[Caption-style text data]

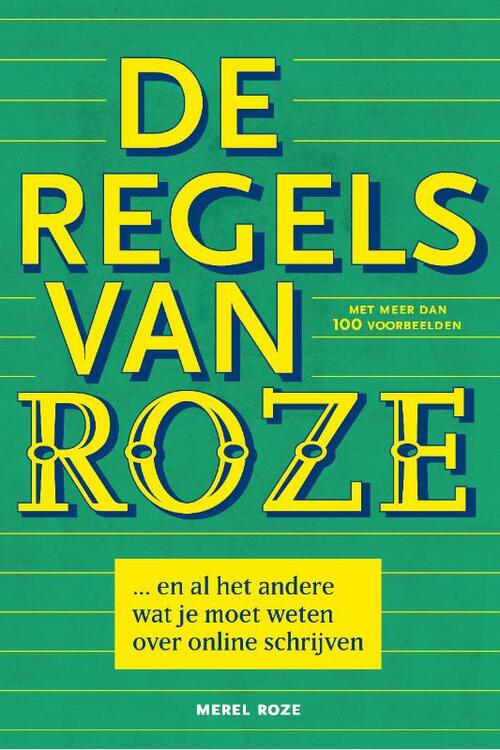 De regels van Roze -  Merel Roze (ISBN: 9789090372075)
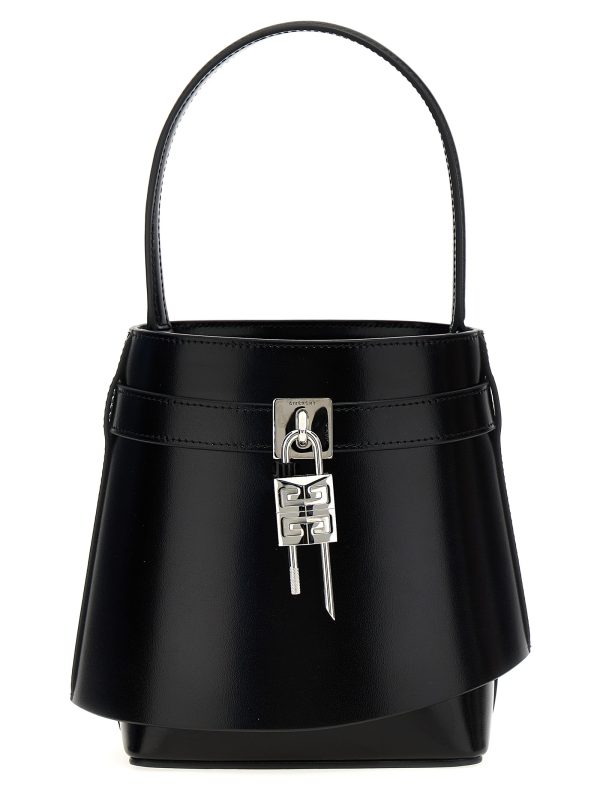 'Shark Lock' bucket bag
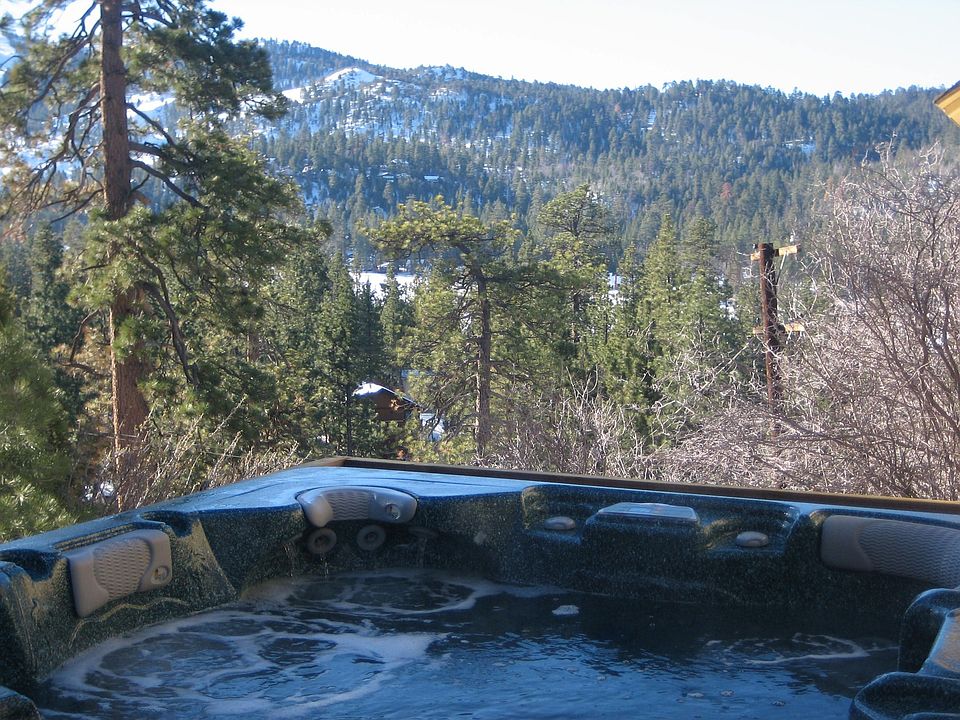 View from the Hot Tub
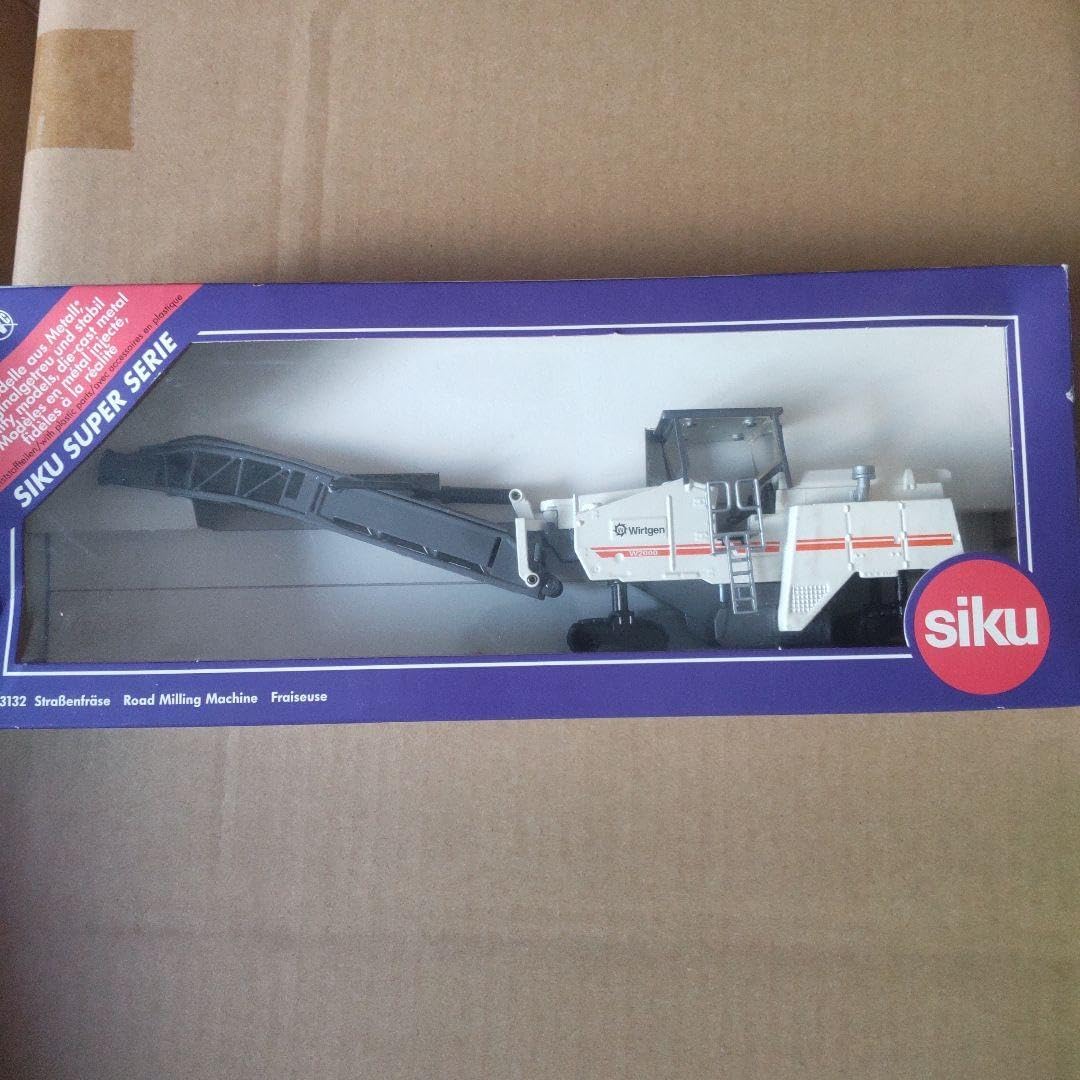Siku Road Milling Machine 1:50（Siku Road Milling Machine 1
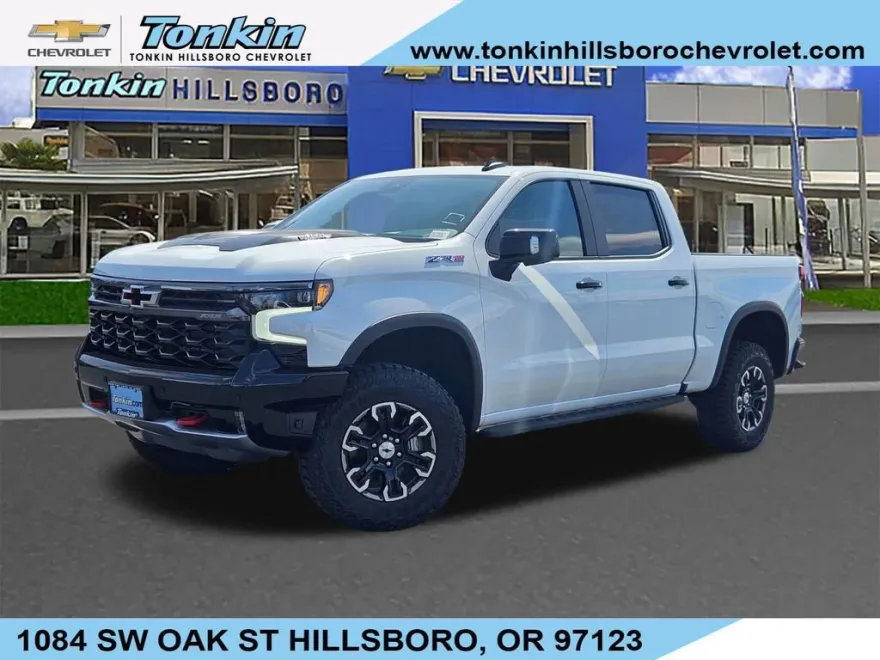 2025 Chevrolet Silverado 1500 ZR2 photo 1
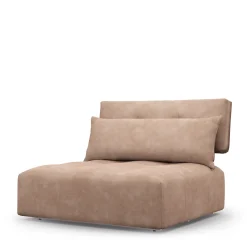 The Mark II Center XL, velvet, golden beige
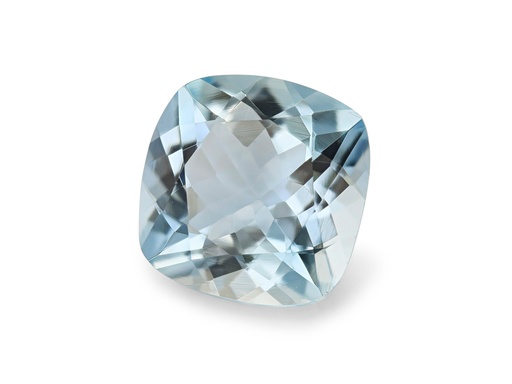 [QX3171] Aquamarine 8.3x8.2mm Square Cushion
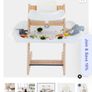 Catchy For Stokke Tripp Trapp - Brand New Never Used Image 3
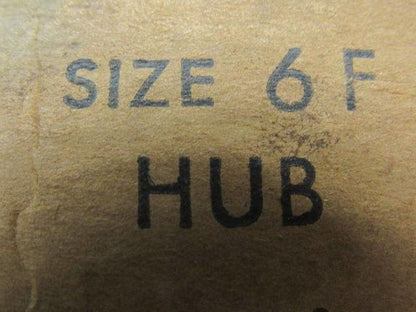 Falk Size 6F Type F Steelflex Coupling Hub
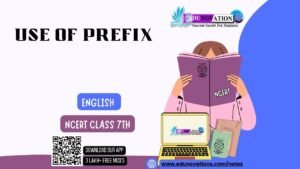 Use of Prefix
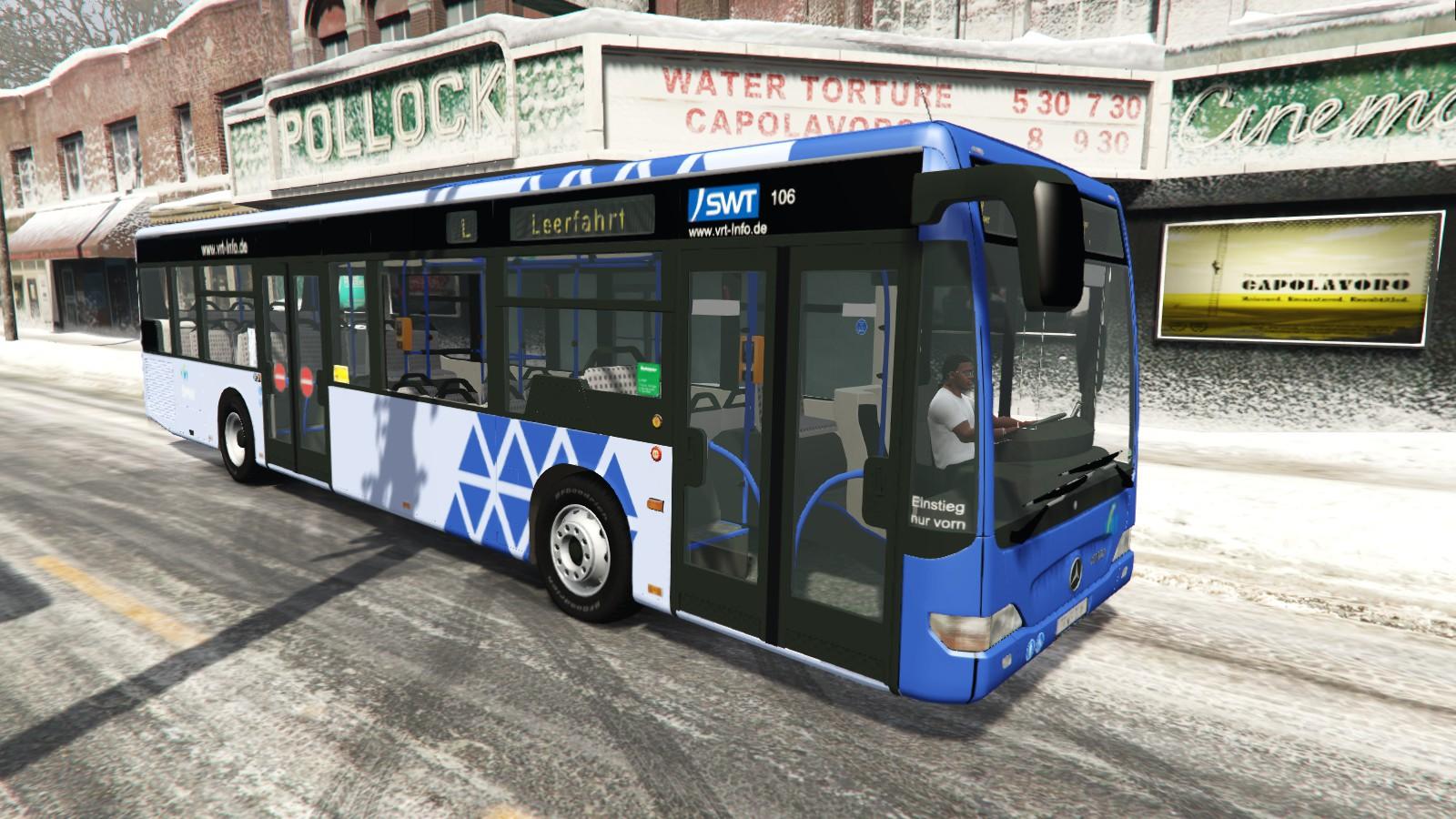 2010 Mercedes-Benz Citaro - VRT Winter Bus [Paintjob] - GTA5-Mods.com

> _Problem description_
Copy every record above exactly, leaving out any pictures.

> _Solution to the problem_
 De regels van Roze -  Merel Roze (ISBN: 9789090372075)
 'Shark Lock' bucket bag
 View from the Hot Tub
Siku Road Milling Machine 1:50（Siku Road Milling Machine 1
 2025 Chevrolet Silverado 1500 ZR2 photo 1
 The Mark II Center XL, velvet, golden beige
 [QX3171] Aquamarine 8.3x8.2mm Square Cushion
 Catchy For Stokke Tripp Trapp - Brand New Never Used Image 3
 Falk Size 6F Type F Steelflex Coupling Hub
 Use of Prefix
 2010 Mercedes-Benz Citaro - VRT Winter Bus [Paintjob] - GTA5-Mods.com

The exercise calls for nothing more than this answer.